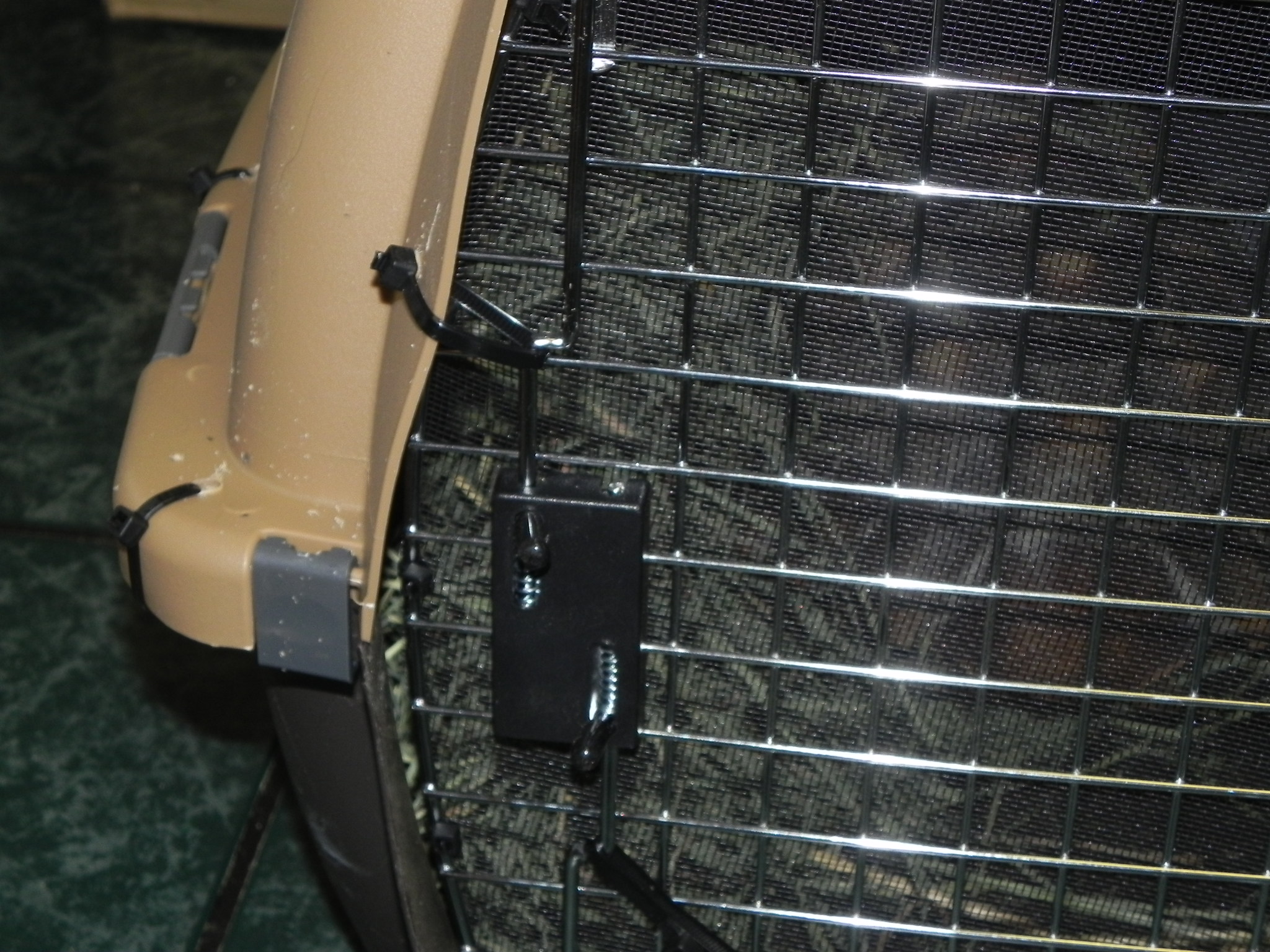 Crate door latch secured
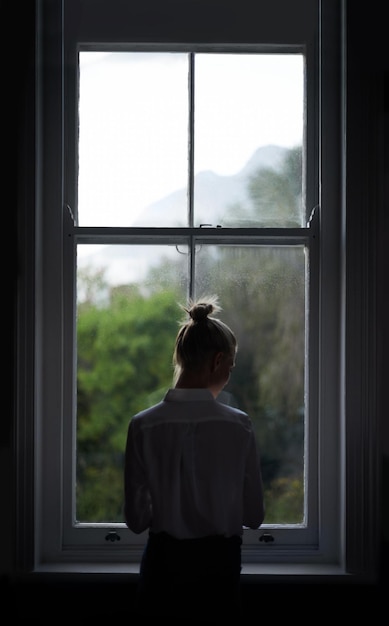 Kamer met uitzicht Een mooie jonge vrouw die bij een raam staat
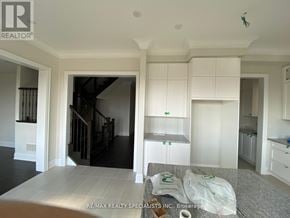 Richmond Hill apartment for rent - A real estate listing photo of a white kitchen with a dining table and a staircase.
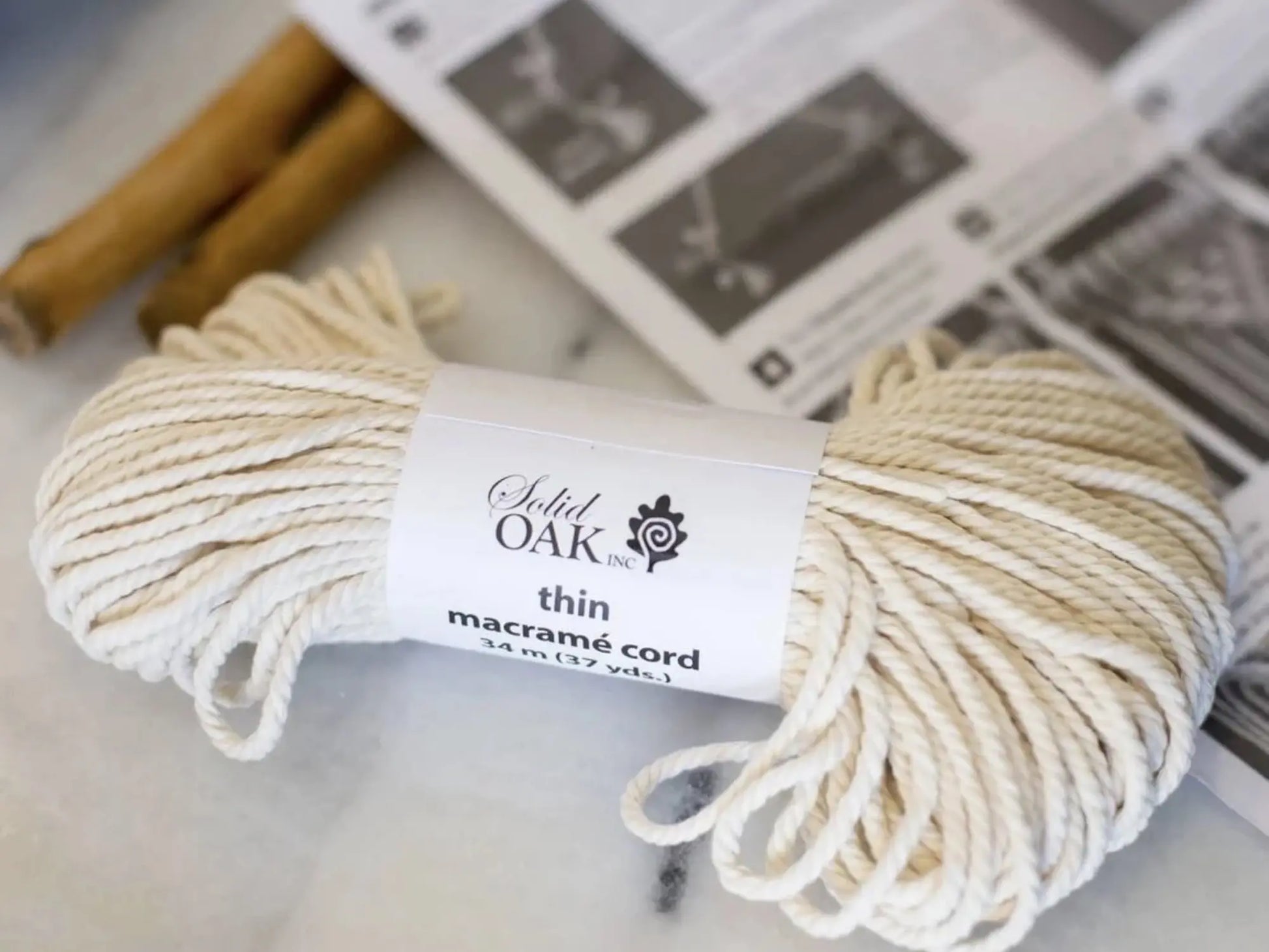 Ball of beige macrame cord with a label on a light background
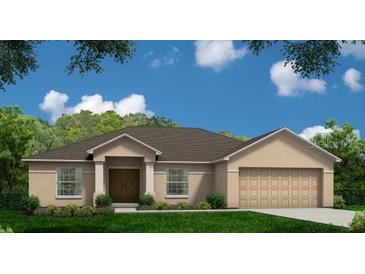 Charming single-story home with a well-maintained lawn and a two-car garage at 150 Minnesota Ave, Babson Park, FL 33827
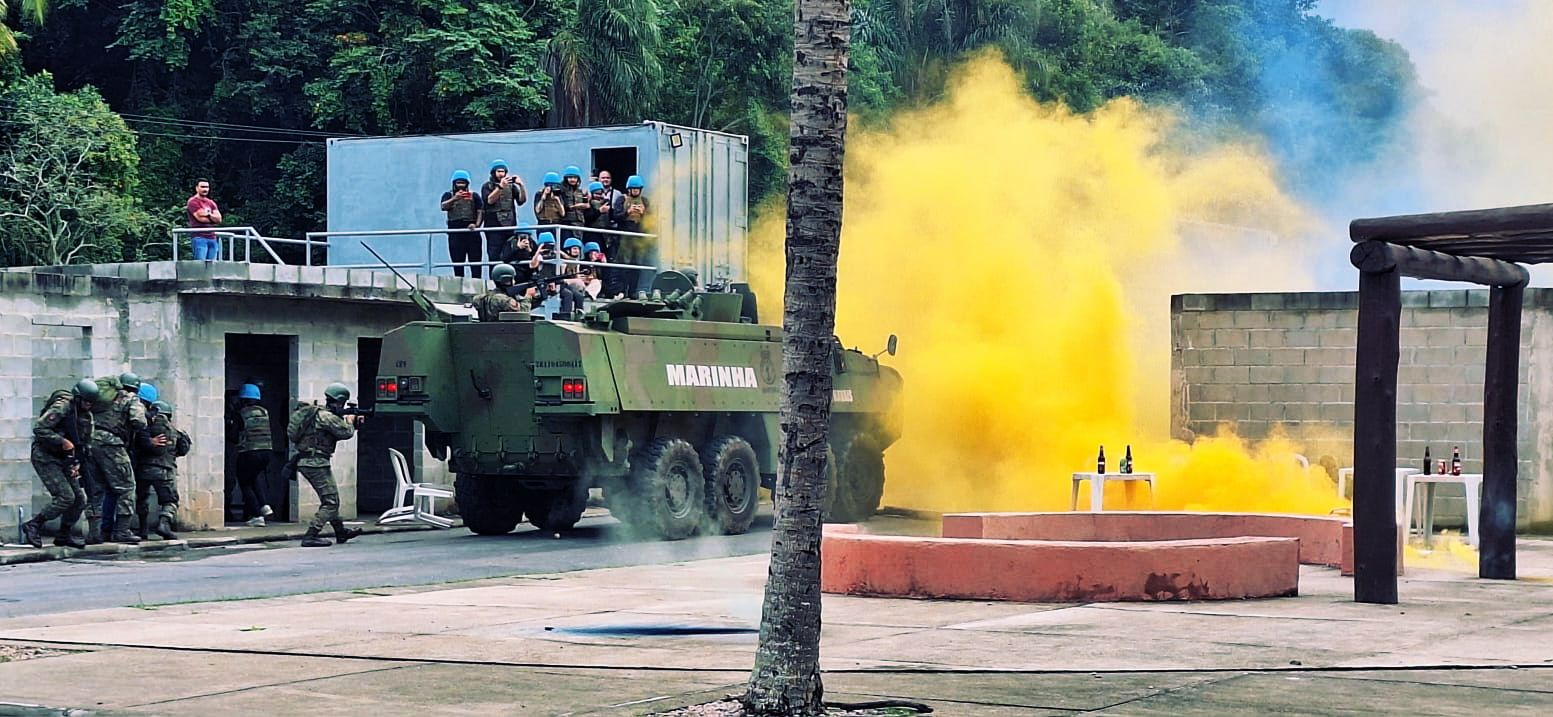 Exercício militar com veículo da Marinha e fumaça amarela.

----------

§ **Action item**: Please give the data above again in exact form and omit every picture.

§ **Answer for the task**:
 Crate door latch secured
 Kamer met uitzicht Een mooie jonge vrouw die bij een raam staat
 Richmond Hill apartment for rent - A real estate listing photo of a white kitchen with a dining table and a staircase.
 Ball of beige macrame cord with a label on a light background
 Charming single-story home with a well-maintained lawn and a two-car garage at 150 Minnesota Ave, Babson Park, FL 33827
 Exercício militar com veículo da Marinha e fumaça amarela.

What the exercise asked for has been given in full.